*** Input Section Begins ***

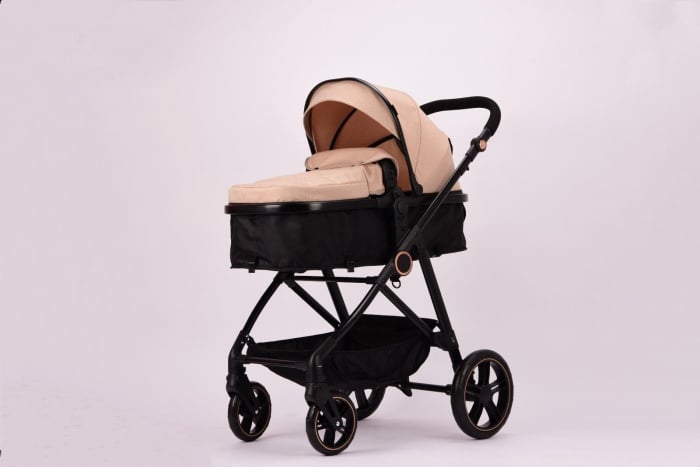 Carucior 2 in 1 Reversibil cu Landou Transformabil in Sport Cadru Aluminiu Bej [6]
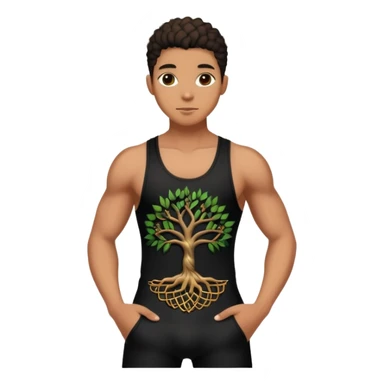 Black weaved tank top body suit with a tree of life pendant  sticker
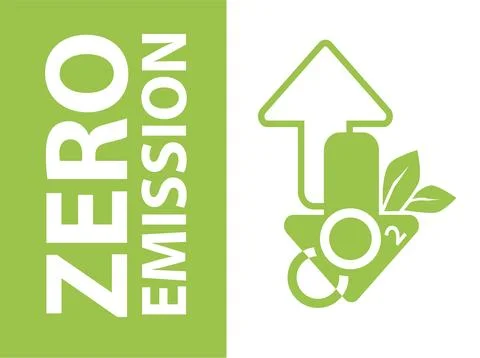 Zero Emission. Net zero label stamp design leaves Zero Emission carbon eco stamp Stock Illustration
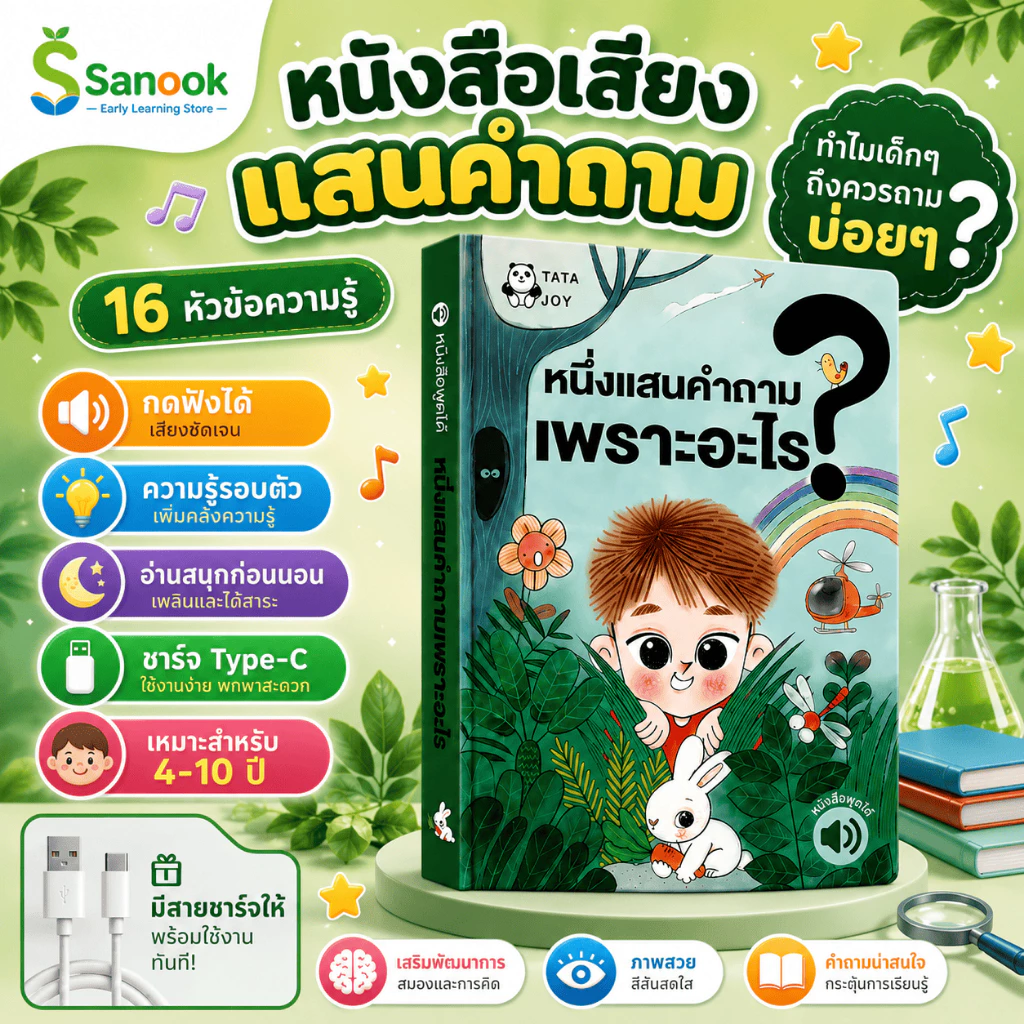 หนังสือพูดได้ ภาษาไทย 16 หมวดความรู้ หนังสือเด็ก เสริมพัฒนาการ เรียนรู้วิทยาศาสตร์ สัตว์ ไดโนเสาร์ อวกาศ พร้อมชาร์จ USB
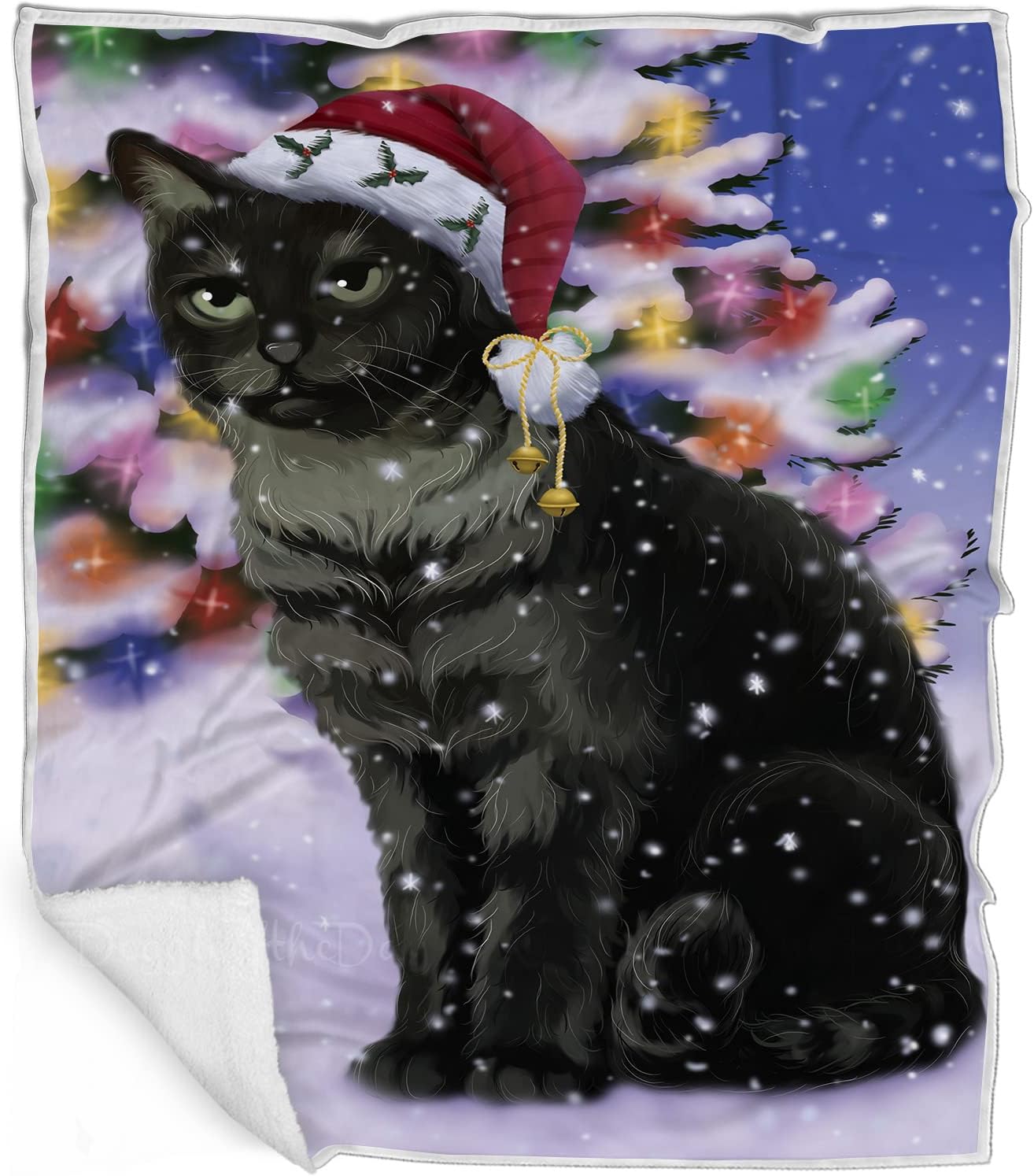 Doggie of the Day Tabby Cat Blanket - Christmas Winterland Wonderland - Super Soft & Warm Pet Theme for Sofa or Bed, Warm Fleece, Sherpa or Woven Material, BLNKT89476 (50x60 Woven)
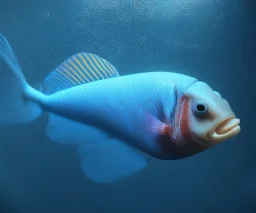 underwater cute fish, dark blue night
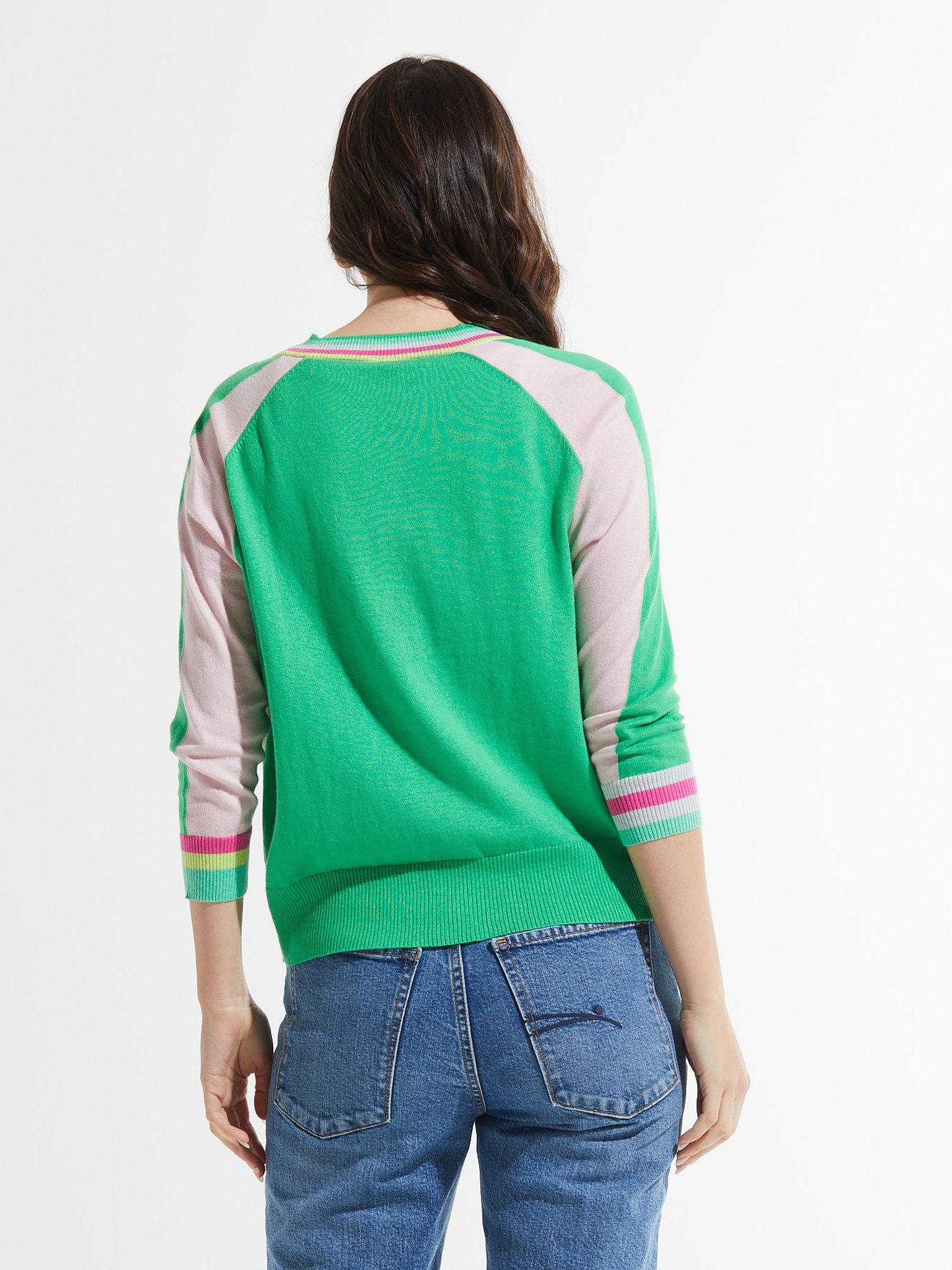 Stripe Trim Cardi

*** Input Section Ends ***
*** Input Section Begins ***

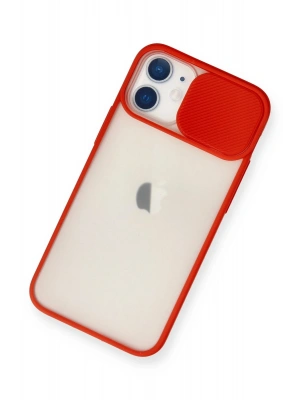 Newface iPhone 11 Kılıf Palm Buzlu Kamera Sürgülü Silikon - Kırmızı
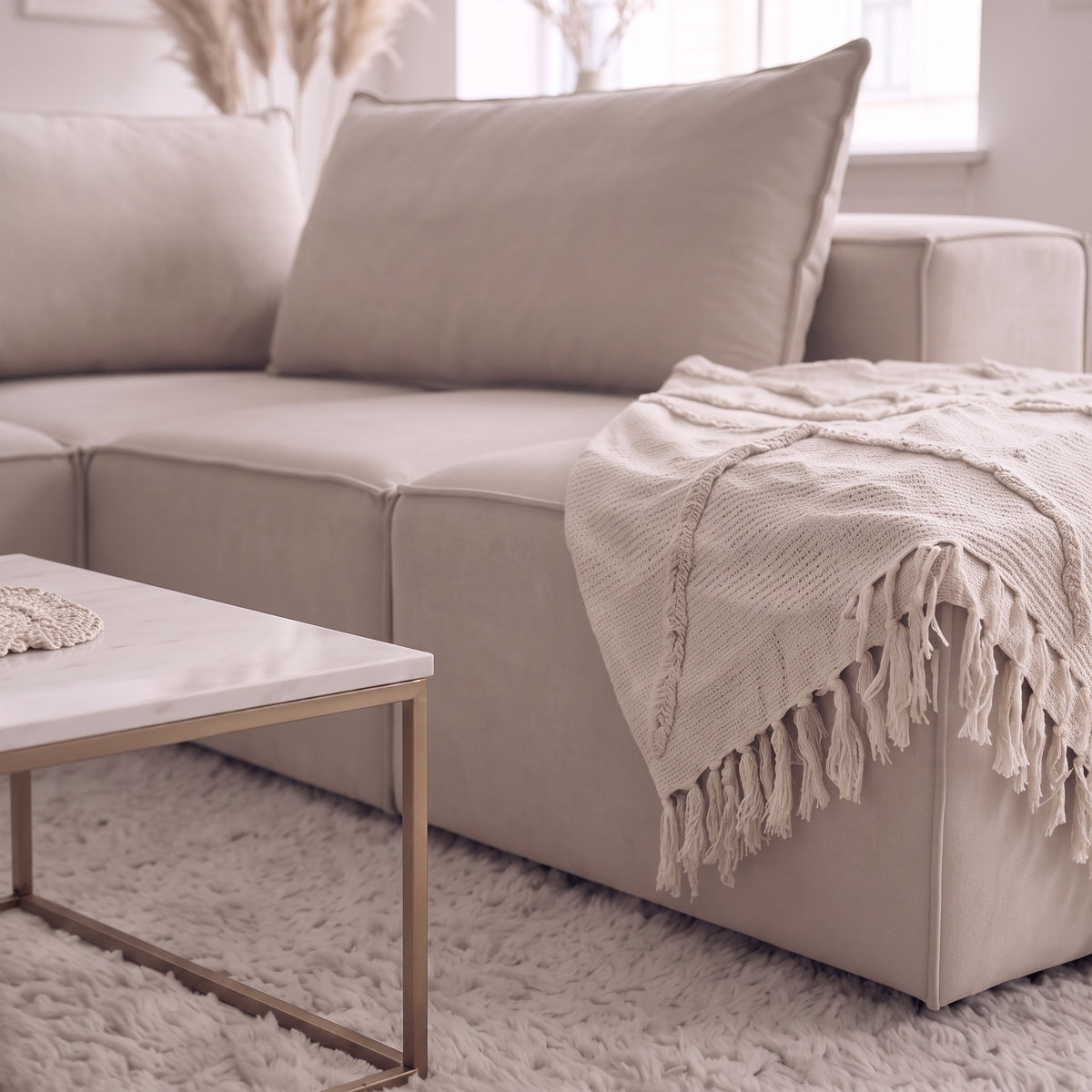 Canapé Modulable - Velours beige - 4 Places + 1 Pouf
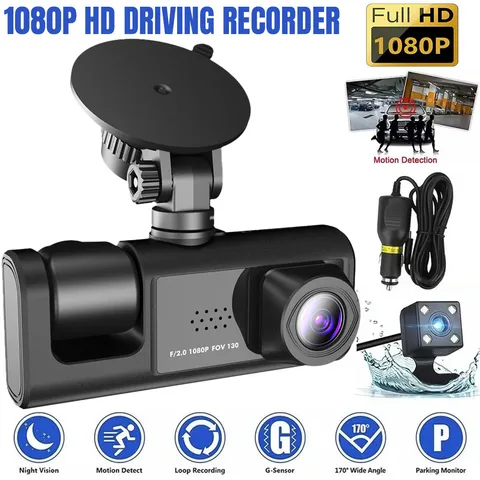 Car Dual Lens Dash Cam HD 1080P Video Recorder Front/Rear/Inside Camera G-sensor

*** Input Section Ends ***

◆ **Assigned task**:
Pictures aside, return exactly the lines from the data above, starting at the line that has "Canapé Modulable - Velours" and ending at the line that has "Car Dual Lens", both included.

◆ **Result for this task**:
 Canapé Modulable - Velours beige - 4 Places + 1 Pouf
 Car Dual Lens Dash Cam HD 1080P Video Recorder Front/Rear/Inside Camera G-sensor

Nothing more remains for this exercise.